*** Opening LISTED RECORDS ***

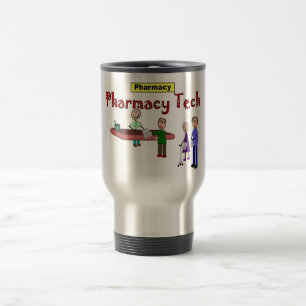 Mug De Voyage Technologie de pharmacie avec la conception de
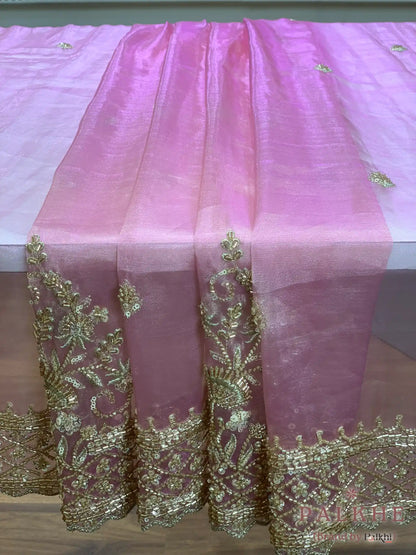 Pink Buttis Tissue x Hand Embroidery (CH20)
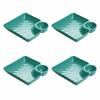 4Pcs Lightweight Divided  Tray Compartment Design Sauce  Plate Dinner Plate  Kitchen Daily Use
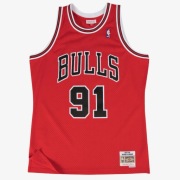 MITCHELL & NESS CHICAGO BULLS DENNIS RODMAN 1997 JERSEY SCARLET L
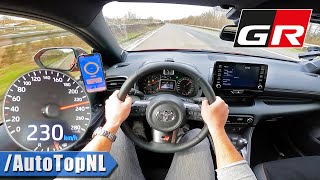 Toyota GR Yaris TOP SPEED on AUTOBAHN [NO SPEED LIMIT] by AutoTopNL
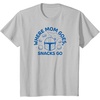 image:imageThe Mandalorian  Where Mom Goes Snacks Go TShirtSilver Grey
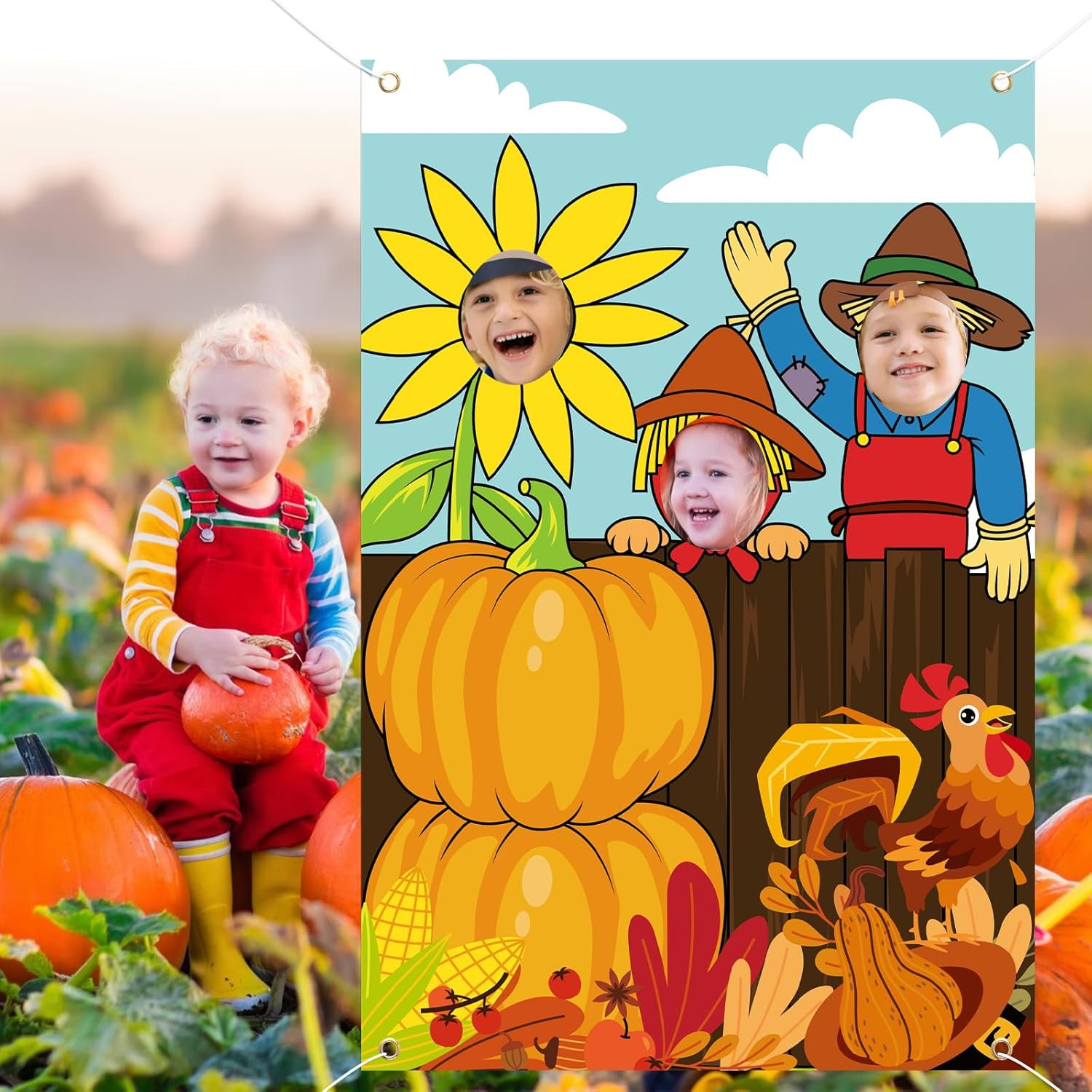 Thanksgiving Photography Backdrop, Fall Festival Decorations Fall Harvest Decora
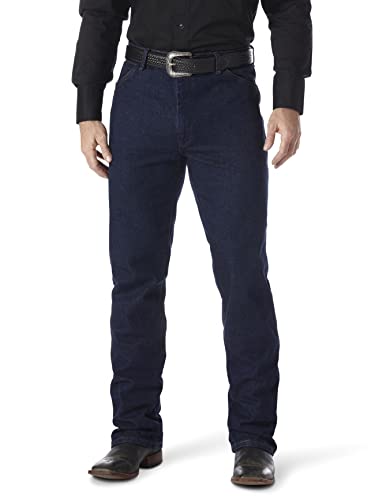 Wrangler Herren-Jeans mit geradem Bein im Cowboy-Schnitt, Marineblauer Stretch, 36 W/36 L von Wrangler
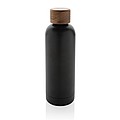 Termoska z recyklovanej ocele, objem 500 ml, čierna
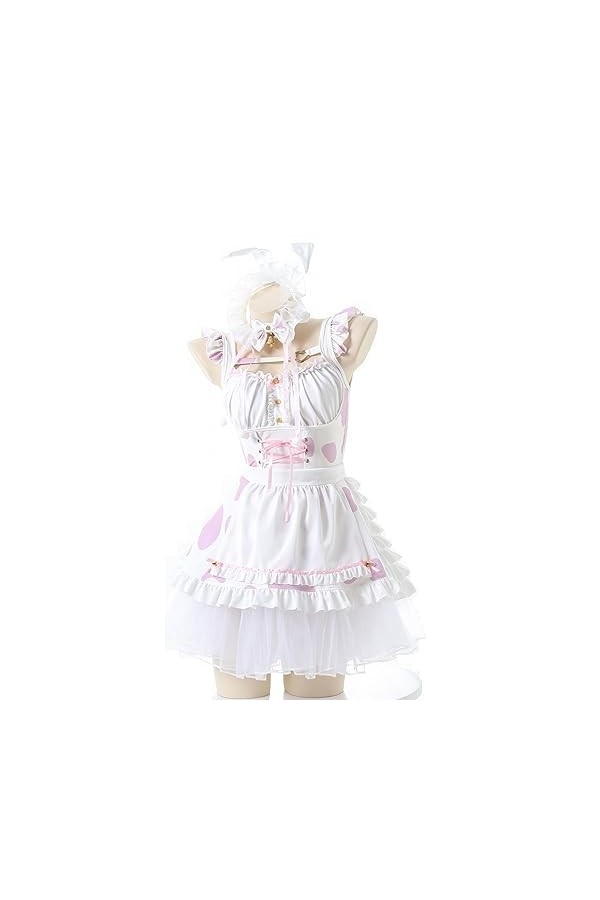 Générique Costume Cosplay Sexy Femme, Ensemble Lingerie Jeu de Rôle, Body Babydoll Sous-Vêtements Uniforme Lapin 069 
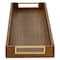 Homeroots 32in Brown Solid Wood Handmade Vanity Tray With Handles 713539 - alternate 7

*** Closing LISTED RECORDS ***
*** Opening LISTED RECORDS ***

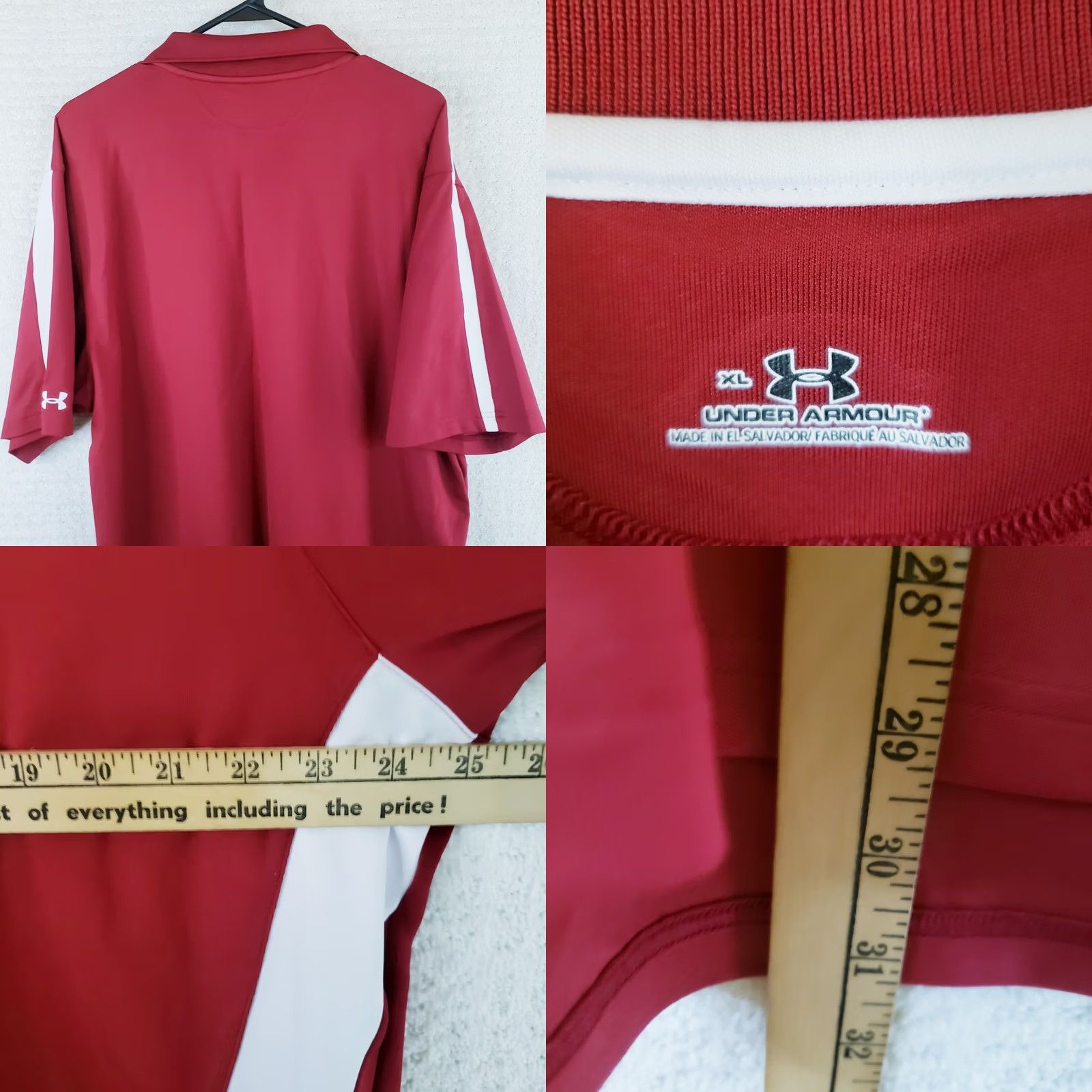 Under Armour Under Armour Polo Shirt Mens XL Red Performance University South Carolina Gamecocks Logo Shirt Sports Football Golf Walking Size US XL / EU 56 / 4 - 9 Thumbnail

*** Closing LISTED RECORDS ***
*** Opening LISTED RECORDS ***

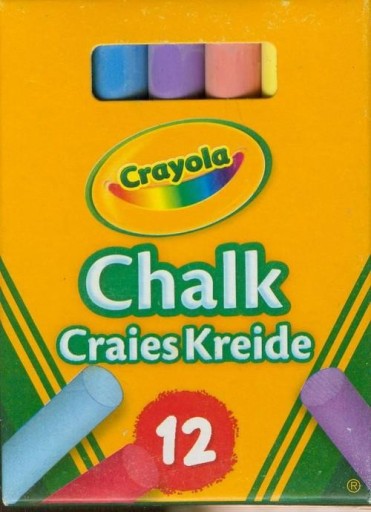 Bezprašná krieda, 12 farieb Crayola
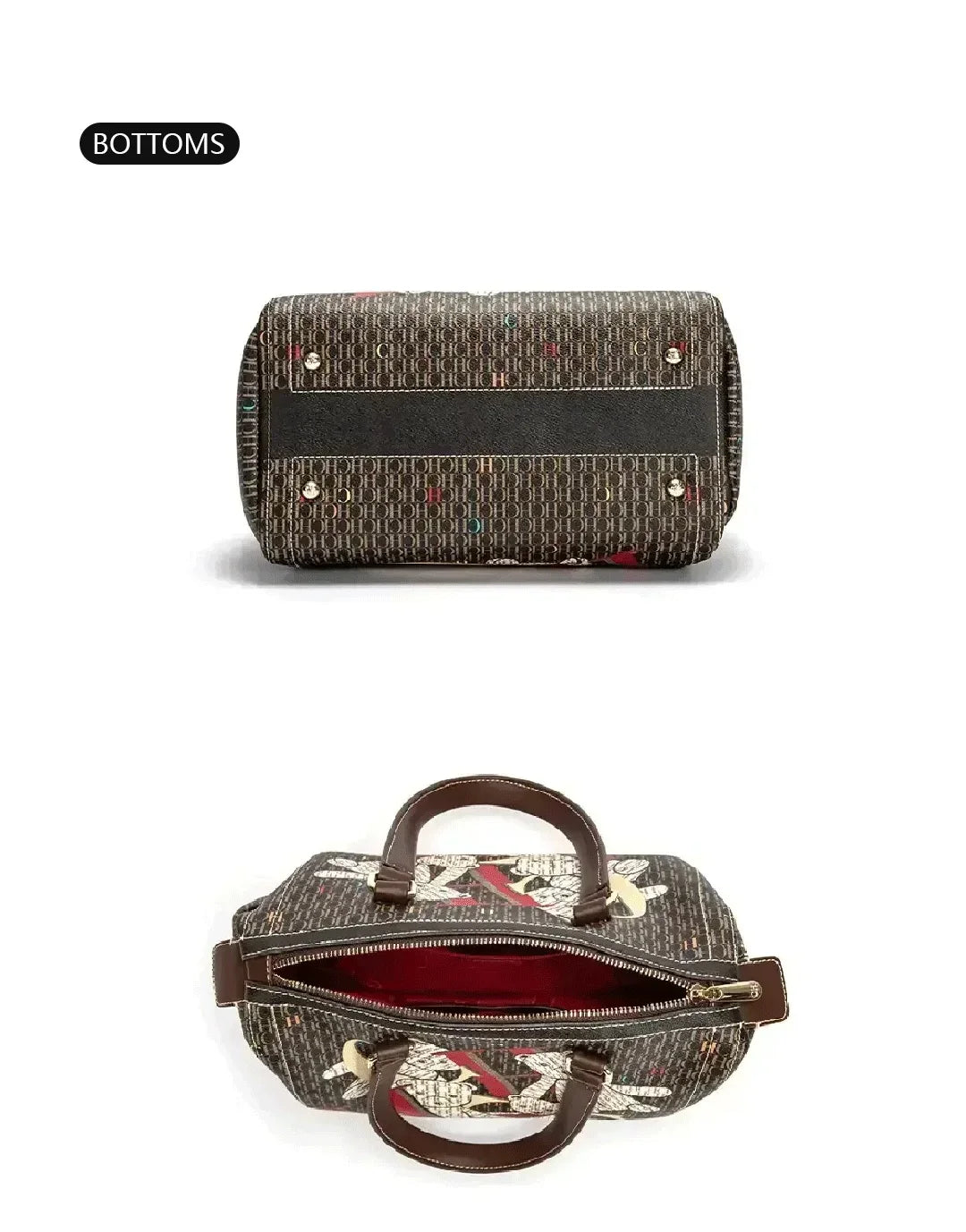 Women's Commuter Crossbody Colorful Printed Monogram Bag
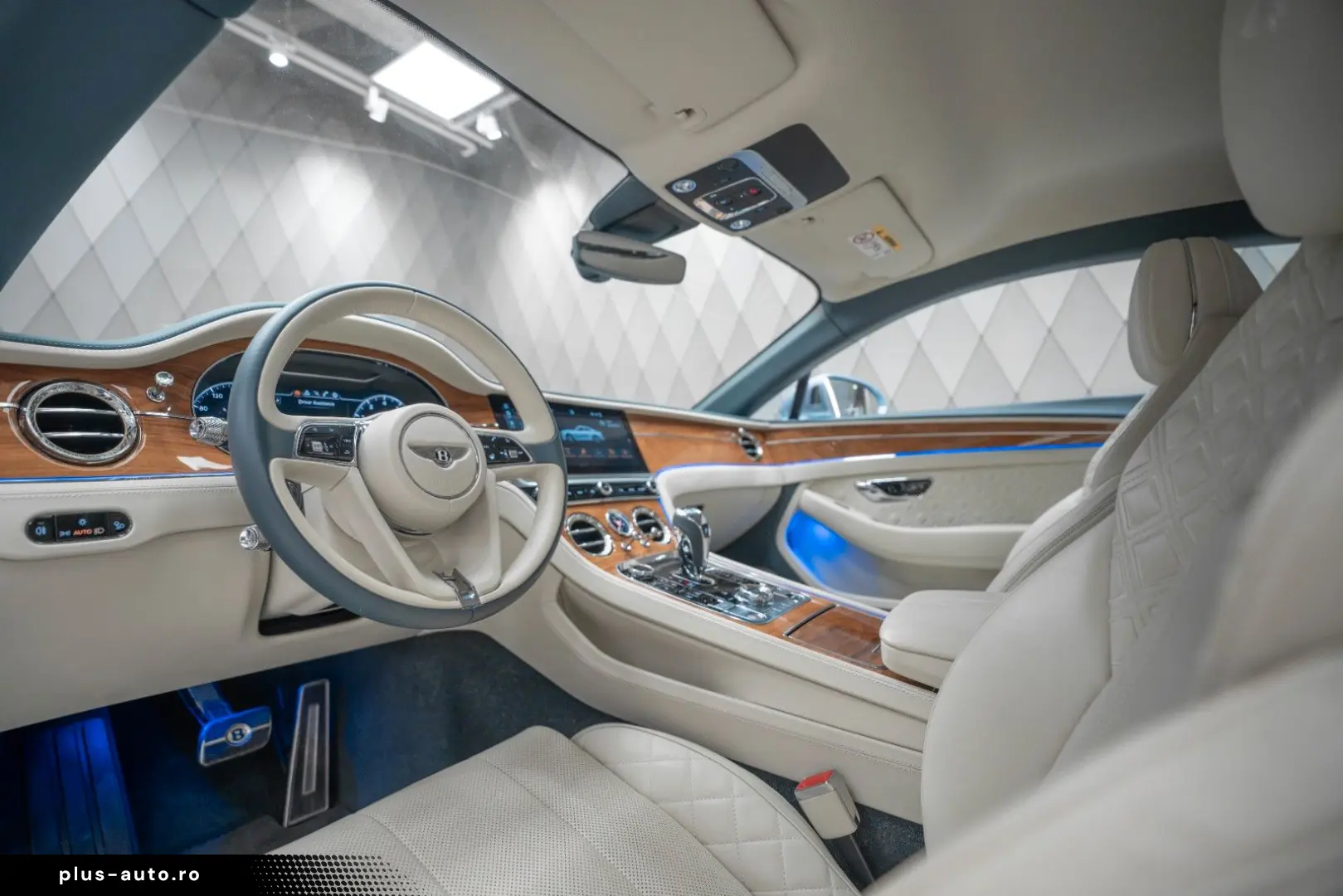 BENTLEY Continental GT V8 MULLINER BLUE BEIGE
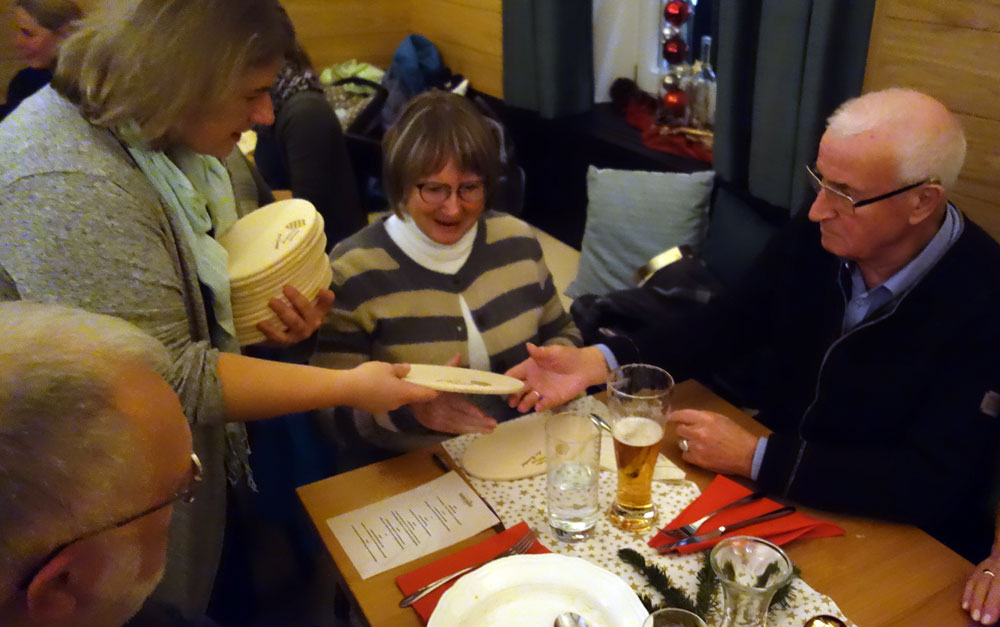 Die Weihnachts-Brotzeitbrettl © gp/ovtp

*** Closing LISTED RECORDS ***

Using the material above, reproduce only the lines that run from the line with "Mug De Voyage" up to and including the line with "Homeroots 32in Brown", exactly, with the pictures dropped.

 Mug De Voyage Technologie de pharmacie avec la conception de
 Pink Buttis Tissue x Hand Embroidery (CH20)
 4Pcs Lightweight Divided  Tray Compartment Design Sauce  Plate Dinner Plate  Kitchen Daily Use
 MITCHELL & NESS CHICAGO BULLS DENNIS RODMAN 1997 JERSEY SCARLET L
 Toyota GR Yaris TOP SPEED on AUTOBAHN [NO SPEED LIMIT] by AutoTopNL
 image:imageThe Mandalorian  Where Mom Goes Snacks Go TShirtSilver Grey
 Thanksgiving Photography Backdrop, Fall Festival Decorations Fall Harvest Decora
 Wrangler Herren-Jeans mit geradem Bein im Cowboy-Schnitt, Marineblauer Stretch, 36 W/36 L von Wrangler
 Termoska z recyklovanej ocele, objem 500 ml, čierna
 Générique Costume Cosplay Sexy Femme, Ensemble Lingerie Jeu de Rôle, Body Babydoll Sous-Vêtements Uniforme Lapin 069 
 Homeroots 32in Brown Solid Wood Handmade Vanity Tray With Handles 713539 - alternate 7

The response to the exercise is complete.